Wright v. Hazen Investments, Inc.

632 P.2d 1328, 53 Or. App. 700, 1981 Ore. App. LEXIS 3206
CourtCourt of Appeals of Oregon
DecidedAugust 31, 1981
DocketNo. 16-79-09774, CA 17597
StatusPublished

This text of 632 P.2d 1328 (Wright v. Hazen Investments, Inc.) is published on Counsel Stack Legal Research, covering Court of Appeals of Oregon primary law. Counsel Stack provides free access to over 12 million legal documents including statutes, case law, regulations, and constitutions.

Bluebook
Wright v. Hazen Investments, Inc., 632 P.2d 1328, 53 Or. App. 700, 1981 Ore. App. LEXIS 3206 (Or. Ct. App. 1981).

Opinion

THORNTON, J.

Plaintiff’s complaint sought a declaratory judgment, an injunction, specific performance and damages arising out of a restaurant venture entered into between plaintiff and certain of the defendants. Defendants Hazen1 appeal from the trial court’s decree declaring plaintiff 40% owner of an improved leasehold interest and equipment, including proceeds from any transfer thereof, and liable in the same proportion for debts of maintaining the property. The judgment and decree2 also enjoined defendants from interfering with plaintiff’s right of possession or transfering any interest in the property without plaintiff’s approval. Defendants assign as error the trial court’s failure:

1) to require plaintiff to join Texaco, McKay Investment Company (McKay), and H & W Enterprises, Inc., the corporation through which the parties owned and managed the restaurant, as defendants;

2) to find that plaintiff abandoned her claim to any interest in the leasehold or improvements; and

3) to hold plaintiff estopped to claim any interest in the leasehold.

The essential facts are as follows:

Defendants Hazen, together with defendant Harmon, own all the shares of defendant Hazen Investments, Inc. In mid-1977, defendants decided to open a fast food restaurant, Choo-Choo’s, in an old service station on property leased by Texaco from McKay. On August 22, 1977, the Hazens individually took an assignment of the lease from Texaco. At this point, negotiations between plaintiff and defendants were ongoing, although the venture had not been formally organized. To this end, defendants, plaintiff and Harmon on September 30, 1977, formed a corporation, H & W Enterprises, Inc. (H&W). The same parties, in [703]*703order to gain certain tax advantages, simultaneously formed a partnership.3 Defendants and plaintiff each contributed approximately equal amounts of capital ($5,000) to H&W, and Harmon contributed services. It is undisputed that plaintiff owned 40% of the stock. The purpose of the corporation was to operate the restaurant. Defendants contributed their individual interests in the leasehold, building and equipment valued at roughly $45,000, through Hazen Investment, whose primary business is restaurant equipment supply. Plaintiff contributed approximately the same amount in cash ($45,404) used to renovate the building and pay operating expenses. Harmon again contributed services. The partnership agreement does not reflect the various contributions of the partners. Plaintiff’s share in partnership assets and profits was also intended to be 40%.

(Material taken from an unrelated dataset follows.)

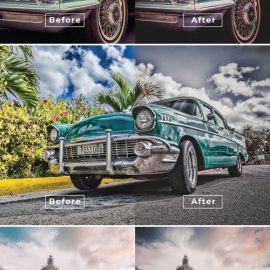 Car Retro Photoshop Action Free Download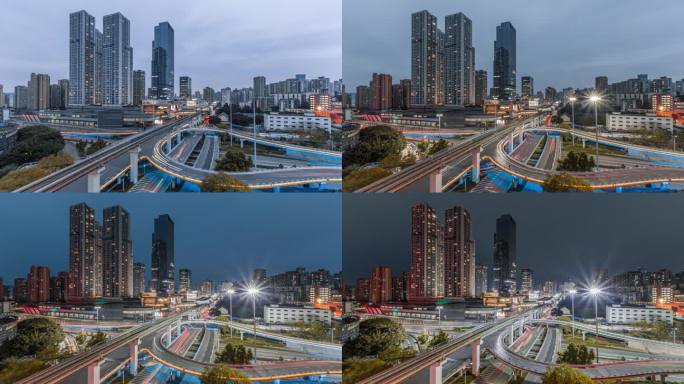谢家湾立交日转夜延时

Some evidence suggests that the leasehold, improvements and equipment were "subleased” to H&W, although there is no written lease to corroborate that conclusion. The corporate minutes indicate that the lease was "given” to H&W, an action purportedly taken by defendants in their individual capacities, rather than as directors of Hazen Investments, the record owner of the leasehold. The same minutes suggest that "equipment, time and materials” were to be "leased” from the partnership.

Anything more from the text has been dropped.